PDA

View Full Version : Trying to write a C compiler...



Al6200
April 21st, 2007, 05:44 PM
Well, I'm trying to write a C Compiler without a few features like structs, and for the most part I'm failing, but I only started a few weeks ago, so I'm still in the somewhat early stages.

Basically the idea is that I have something of a tree. At the top level I have a class called namespaces. At the beginning the program finds how many namespaces there are, and calls the constructor call for namespaces (for each namespace). The constructor's arguement is a string, and the constructor basically takes apart that string and looks for while loops and for loops. It calls the constructor for the Loop object, and for any statements, etc. that are in the namespace. The constructor of the loop objects calls the constructor of the conditional class, the constructor of the conditional class calls the constructors of the statements classes, etc.

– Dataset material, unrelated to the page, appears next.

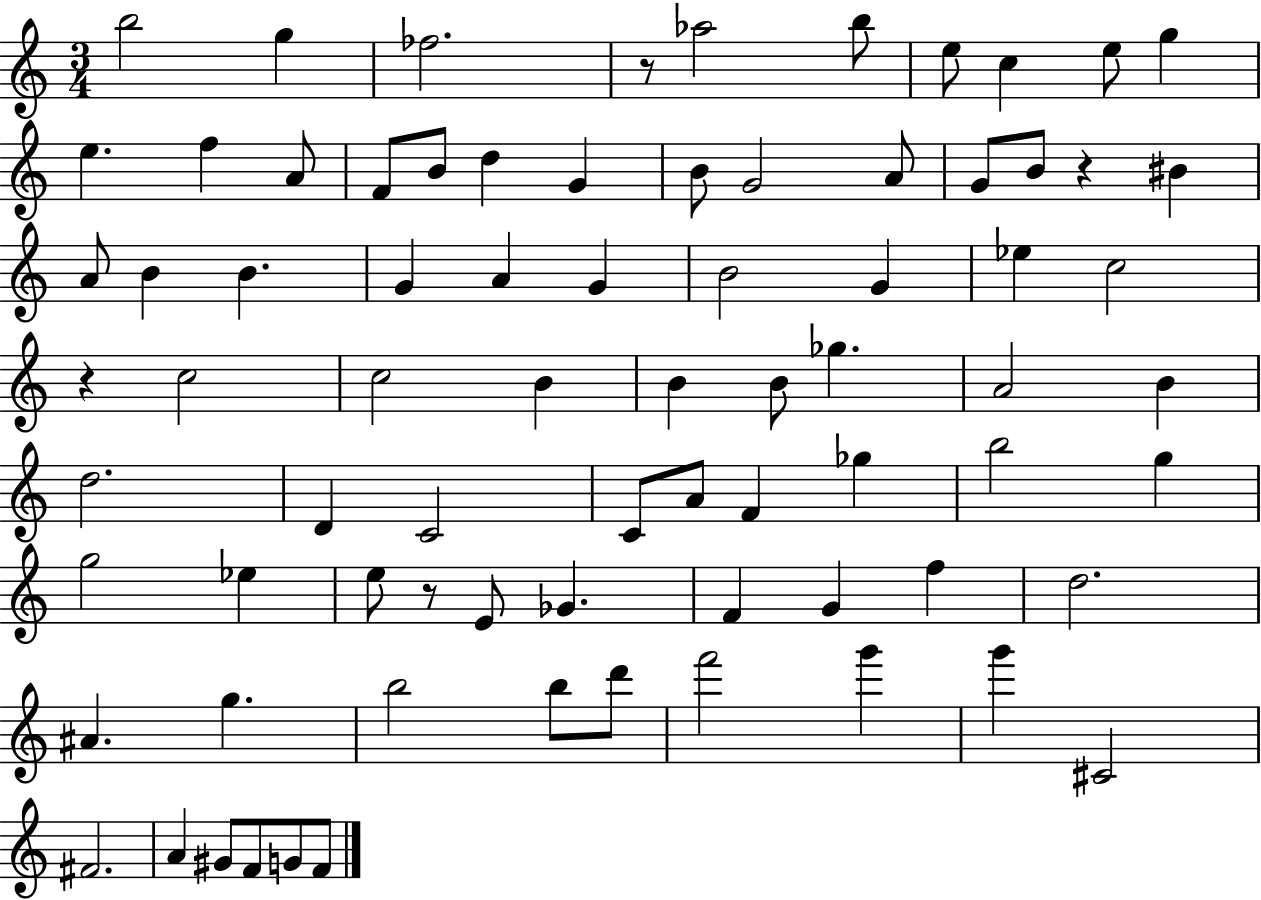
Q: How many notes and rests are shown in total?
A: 77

Then there is a class which breaks apart that object, in a repetitive, iterative, and sometimes recursive set of operations, and converts it into binary.

I am having a few problems though:


basically the code works by converting

int x = 3
int y = x + 2;
int* z = &y;

to

;given n is defined beforehand as a memory location

mov dx, n
mov [dx], 3
mov eax, [dx]
mov [dx + 1], eax
add [dx + 1], 2
mov eax, dx
add eax, 1
mov [dx + 2], eax

But my code doesn't work. WHY!!!!!!!!!!!!!!!!!!!!!!!!!!!!!!!!!
WHAT DO YOU MEAN INVALID OPERAND SIZE?!?
C
Clearly, if this C compiler is ever going to defeat Visual Studio, I'm going to need to sharpen my assembly skills. But that's why I'm writing a compiler.

Write a compiler-> learn assembly -> Write a compiler

Checkmate!

MTsoul
April 21st, 2007, 10:15 PM
What is the exact error you are getting?

TheColonial
April 21st, 2007, 11:02 PM
You're mixing register sizes. EDX = 32 bit, DX = 16 bit. You should instead be referencing EDX, not DX, because everything else looks to be using 32 bits (EAX), and not 16 bit (AX):

mov edx, n
mov [edx], 3
mov eax, [edx]
mov [edx + 1], eax
add [edx + 1], 2
mov eax, edx
add eax, 1
mov [edx + 2], eax

You should also make sure that:
all of your variables are next to each other in memory if you're going to offset from EDX for each of your variables ints and pointers are all 32 bit on a 32 bit machine, which means you're not offsetting enough from EDX. EDX + 1 is one byte past EDX - 1/4 of the offset required. You should be offsetting 32 bits (4 bytes) for each variable:

mov edx, n
mov [edx], 3
mov eax, [edx]
mov [edx + 4], eax
add [edx + 4], 2
mov eax, edx
add eax, 1
mov [edx + 8], eax

Your code may still have issues depending on which instructions allow direct manipulation of values stored in memory addresses rather than registers, but you'll find that out as you go ;)

I'd recommend having a read of the Intel instruction set (http://www.intel.com/design/intarch/manuals/243191.htm) manual before you continue. Writing a compiler is no small job, and understanding the instruction set is very key, as is having a good understanding of the PE file format (http://msdn.microsoft.com/msdnmag/issues/02/03/PE2/).

Hope that helps, and good luck!
OJ

Ben H
May 10th, 2007, 02:41 AM
Oi! Beat me to it!

zellers
May 21st, 2007, 01:47 AM
I don't think u will ever beat visual studio but u could always try...:smirk:

Al6200
May 21st, 2007, 07:05 AM
I don't think u will ever beat visual studio but u could always try...:smirk:

Well, we'll just see about that. I'm removing all of the pesky and pointless features from C++ to exponentializisize the learning curve like classes, string, chars, structs, complex data types, pointers.

Lets see MS try and do that.

hybrid101
May 21st, 2007, 07:14 AM
haha, that would be so cool:D
got an example of the compiler dude? don't forget the documentation:D

Al6200
May 21st, 2007, 07:35 AM
I think documentation stiffles the user creativity. If they see something from such a brilliant programmer such as myself, they'll think "I can never be as great as him". And they never will be.

zellers
May 23rd, 2007, 01:20 AM
lol so how are we gonna do much with it if it has no support for classes chars, strings and structs and whatnot?

Al6200
May 23rd, 2007, 07:21 AM
Strings were never anything more than a flashy marketing point. Real applications use 100% 32 bit integers.

wo1olf
May 25th, 2007, 01:32 PM
doesn't c compilers already exist? To me this sounf like re-inventing the wheel...:tb: :tb: